WHAT THE TASK ASKS -> Below are records; the lines starting at the one with "Pantaloni della tuta" and ending at the one with "Zombie // Trueheart" must be reproduced exactly, both included. Pictures must not appear.

DATA EXTRACTS ->
____________________

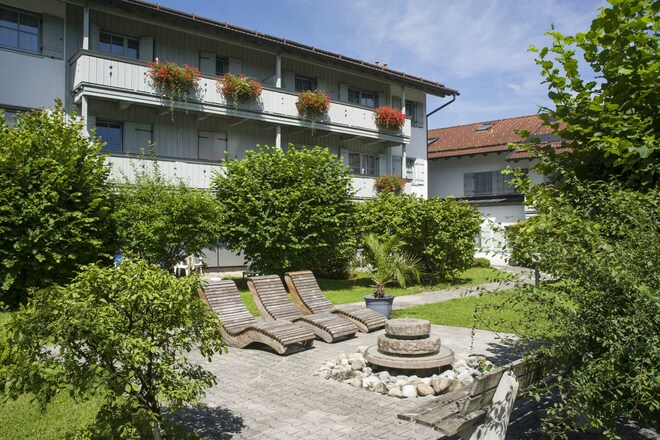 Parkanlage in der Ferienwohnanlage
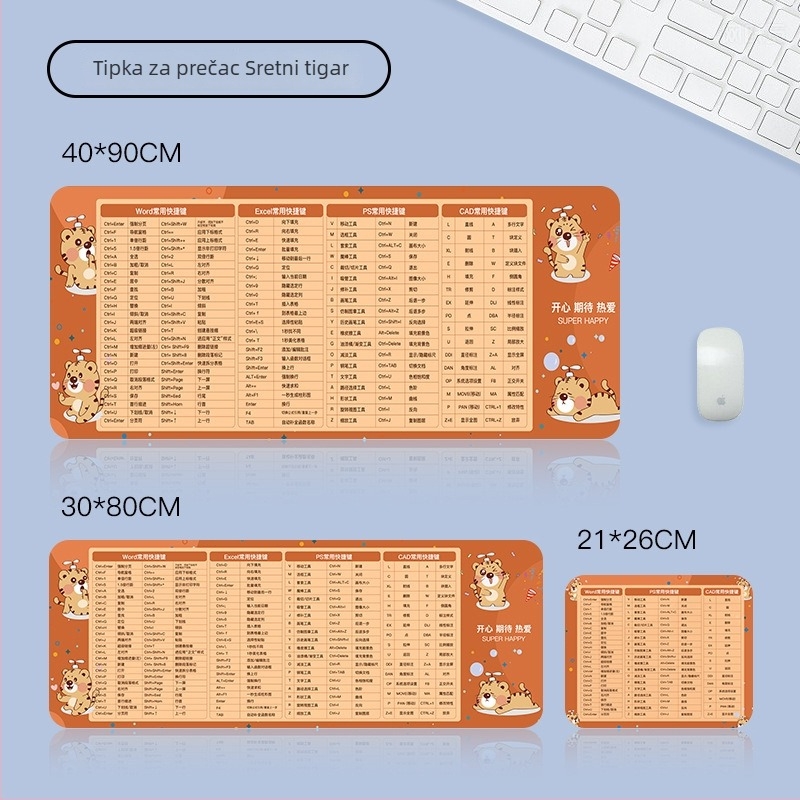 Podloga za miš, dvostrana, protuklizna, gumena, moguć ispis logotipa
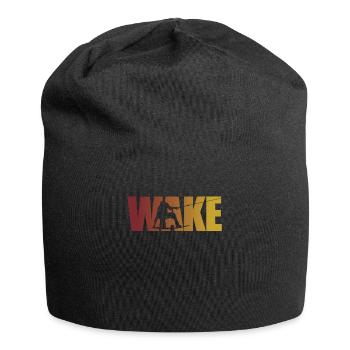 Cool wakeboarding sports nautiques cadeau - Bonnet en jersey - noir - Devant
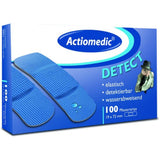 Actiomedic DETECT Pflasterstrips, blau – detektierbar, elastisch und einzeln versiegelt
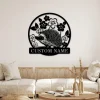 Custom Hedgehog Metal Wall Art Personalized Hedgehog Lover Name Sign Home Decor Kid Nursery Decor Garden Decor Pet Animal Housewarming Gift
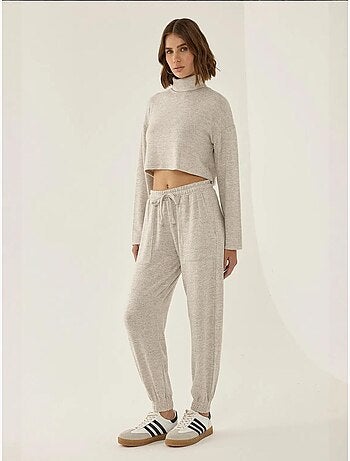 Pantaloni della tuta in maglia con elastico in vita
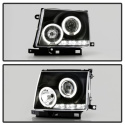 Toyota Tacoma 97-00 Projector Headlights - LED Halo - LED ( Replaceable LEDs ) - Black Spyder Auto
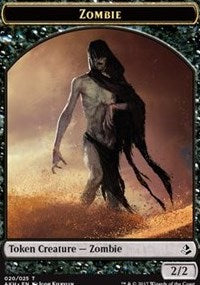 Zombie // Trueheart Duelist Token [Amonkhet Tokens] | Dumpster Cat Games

____________________

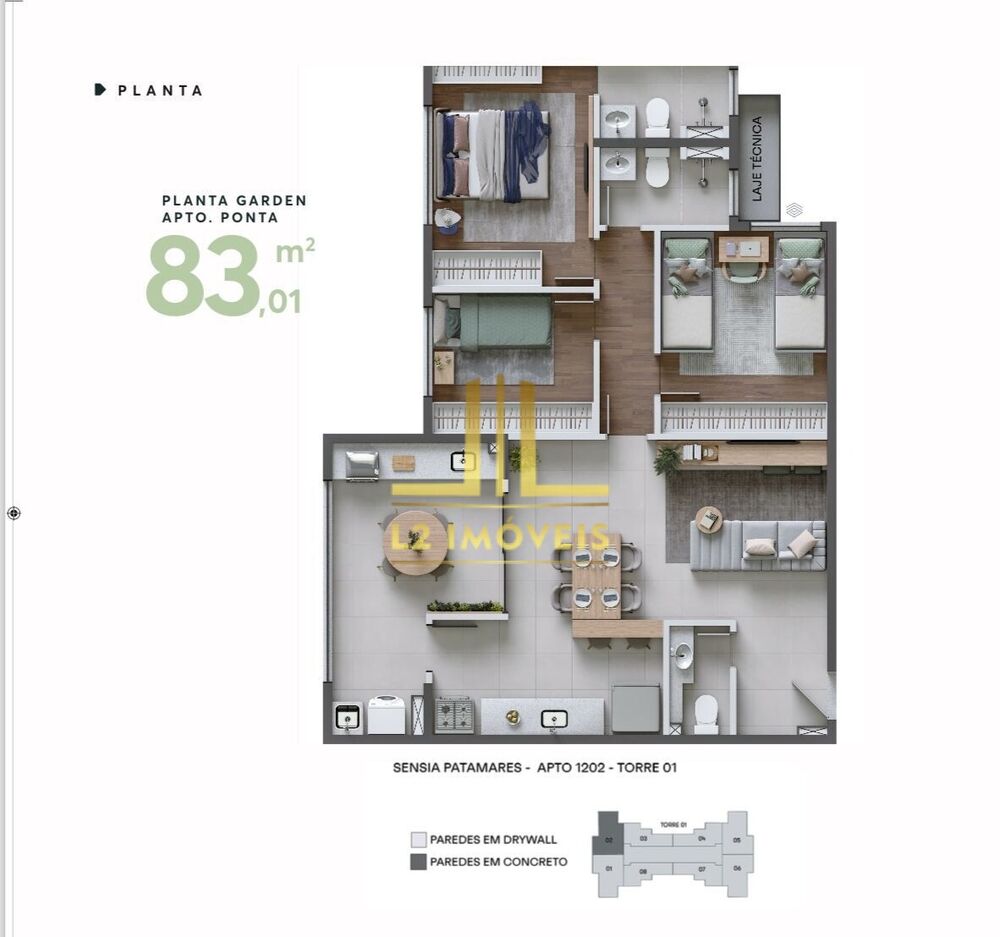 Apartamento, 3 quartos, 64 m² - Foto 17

____________________

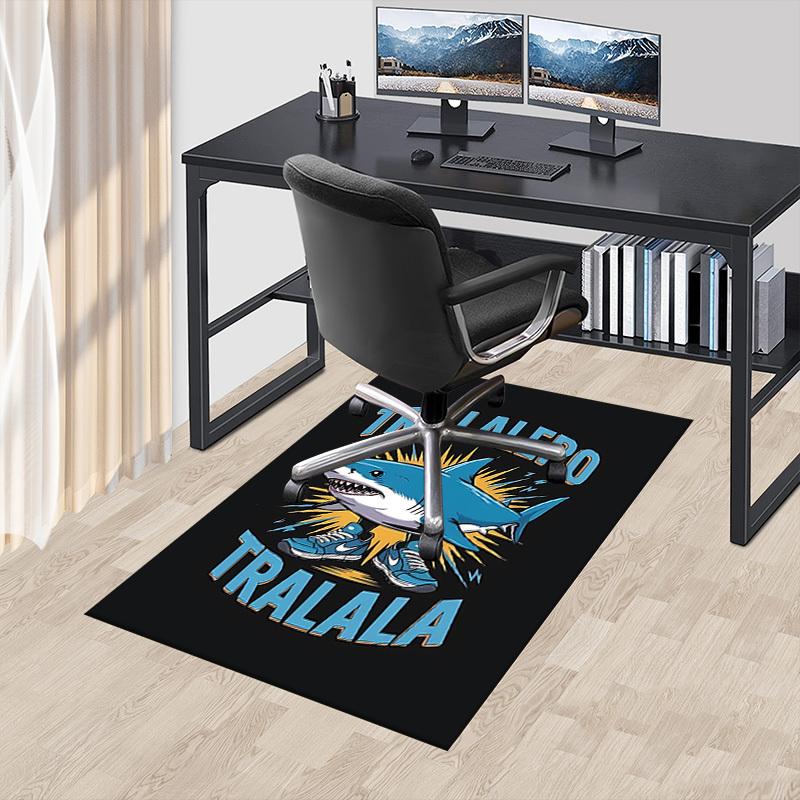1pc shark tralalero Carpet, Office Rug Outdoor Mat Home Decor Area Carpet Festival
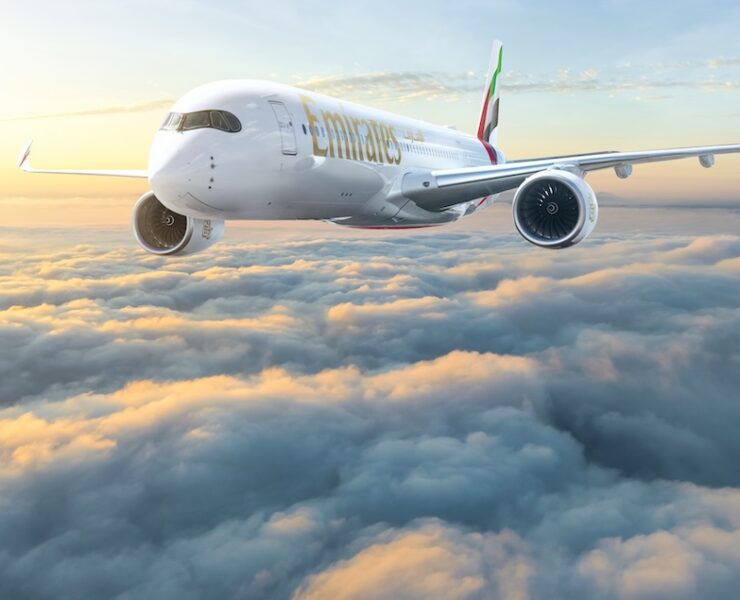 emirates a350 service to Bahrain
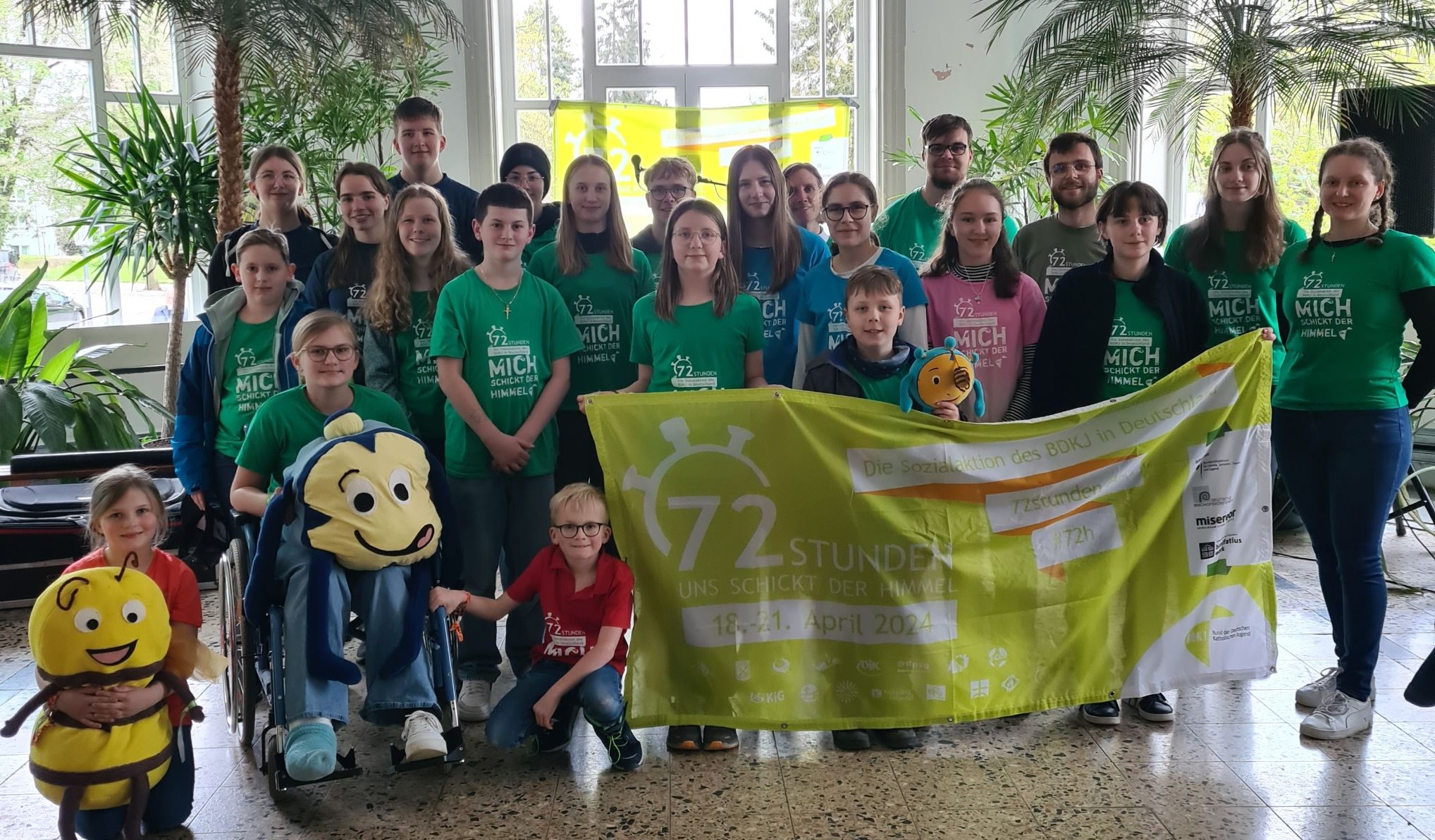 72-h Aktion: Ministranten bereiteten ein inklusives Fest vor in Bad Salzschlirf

____________________

EXERCISE OUTPUT ->
 Pantaloni della tuta in maglia con elastico in vita
 Toyota Tacoma 97-00 Projector Headlights - LED Halo - LED ( Replaceable LEDs ) - Black Spyder Auto
 Zombie // Trueheart Duelist Token [Amonkhet Tokens] | Dumpster Cat Games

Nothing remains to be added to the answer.